In 2018 Facebook1 came under fire for knowingly inflating its video metrics, in order to convince businesses that their ad spends were having more impact than they really were. And this wasn’t by a small amount. Estimates at the time were that video metrics were inflated by somewhere between 60% to 80%. 

In 2017 Google Ads2 were under the spotlight when paid ads were being placed next to extremist and hate-fuelled content, something Google says it later fixed.

In a fantastic article, The Imminent Collapse of Digital Advertising3, journalist Scott Galloway explores the murky history that surrounds the profits-over-positive-engagement mentality of Facebook, Google, YouTube and more. A further source to Oxford Biochronometrics (a leader in digital fraud) even estimates that 88% of digital ad clicks are fake, driven by AI and bot traffic that artificially increase the ROI metrics businesses are seeing. 
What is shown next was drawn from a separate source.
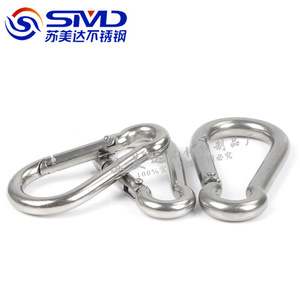 Mosquetón de Acero Inoxidable SMD 304 con Resorte, Gancho para Escalada, Sujetador para Equipo - Product Image 5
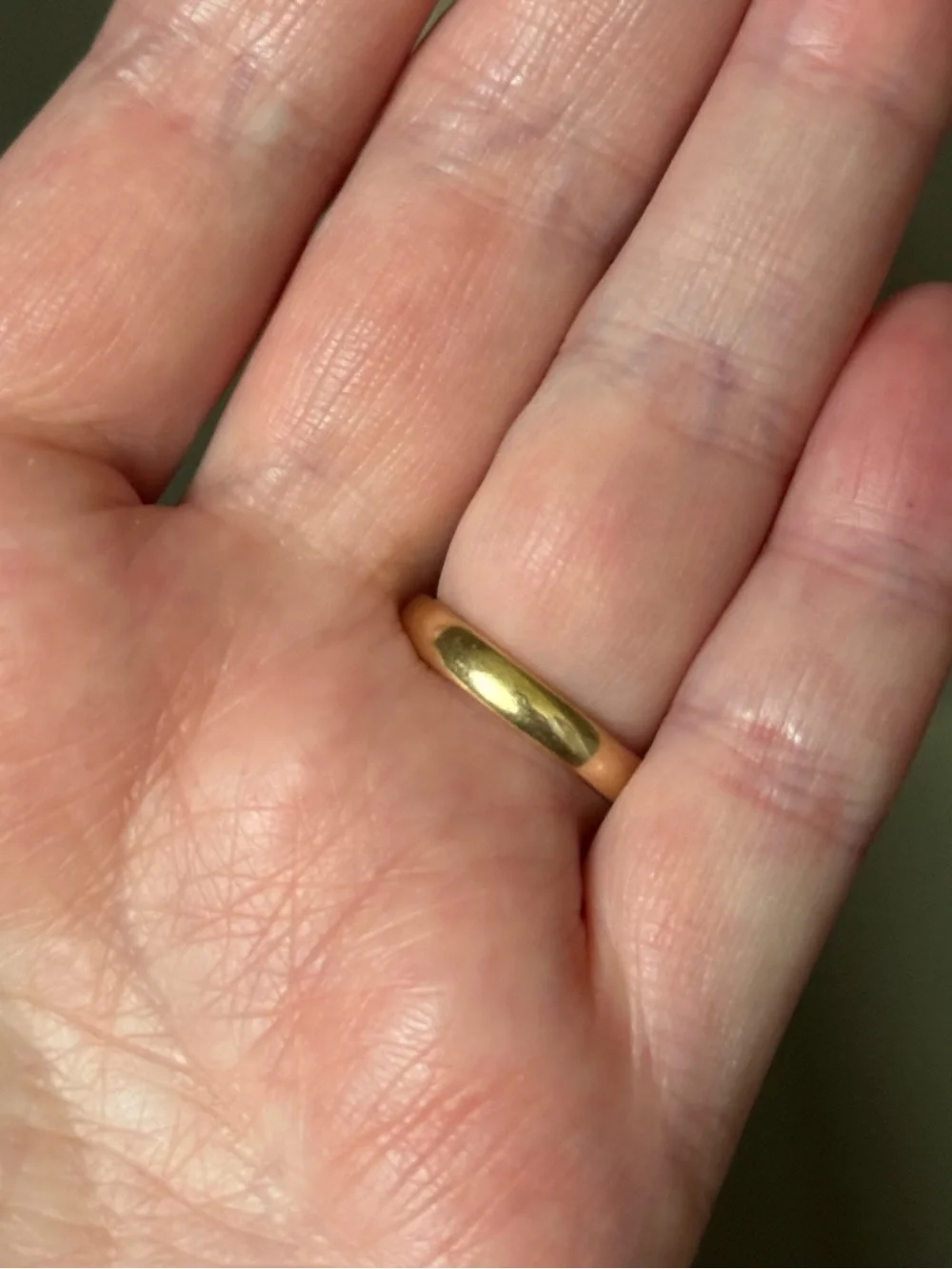 Antique Tiffany & Co. 18k Yellow Gold Wedding Band Ring 1900’s 6.5 Comfort Fit - Picture 8 of 13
The rise of customer retention

In parallel to the rise of digital and AI-driven advertising technology, customer retention has also been getting smarter. 

Going back to business basics and the Ansoff Matrix4 of marketing strategy – the simplest path to increased profit is by offering existing products to existing markets: or rather… catering even more to the needs of your existing customers, rather than spending all your energy looking for new ones. 

There are very good reasons for this. 

First, you know who your current customers are: you know their names, you probably have their email address, and you know what they have bought from you before.

As eCommerce and CRM software has evolved, we’re now able to additionally see what they haven’t bought (through basket abandonment), what they weren’t interested in (through automated email flows) and what their lifetime value to your business actually is. 

How to readdress the balance of customer retention

According to Forbes5 in February of this year, there are three reasons why historically we’ve targeted new customers, rather than making more of our existing ones: 

  1. Sales offers have historically been positioned through external advertising
  2. The maturity of lead generation technology has followed that same budget 
  3. It’s been easier to associate new revenue to sales activity, rather than retention

However, the technology of customer retention is catching up, and so the only decision you should make as a business is: ‘Just how much of your advertising budget would you like to invest, instead, on your existing customers’?

At 44 Digital, we’re focussing our time on perfecting new ways to engage with your current customers, including:

  1. Smart email and SMS campaigns and behaviour-triggered auto retargeting (Find out more in our case study
  2. Basket abandonment and customer referral strategies
  3. On-page up-sells, cross-sells, and offers
  4. Content marketing and social engagement

However, technology aside, it’s important to remember the human side of what your business is about. After all, as the great Maya Angelou said: “I’ve learned that people will forget what you said, people will forget what you did, but people will never forget how you made them feel.”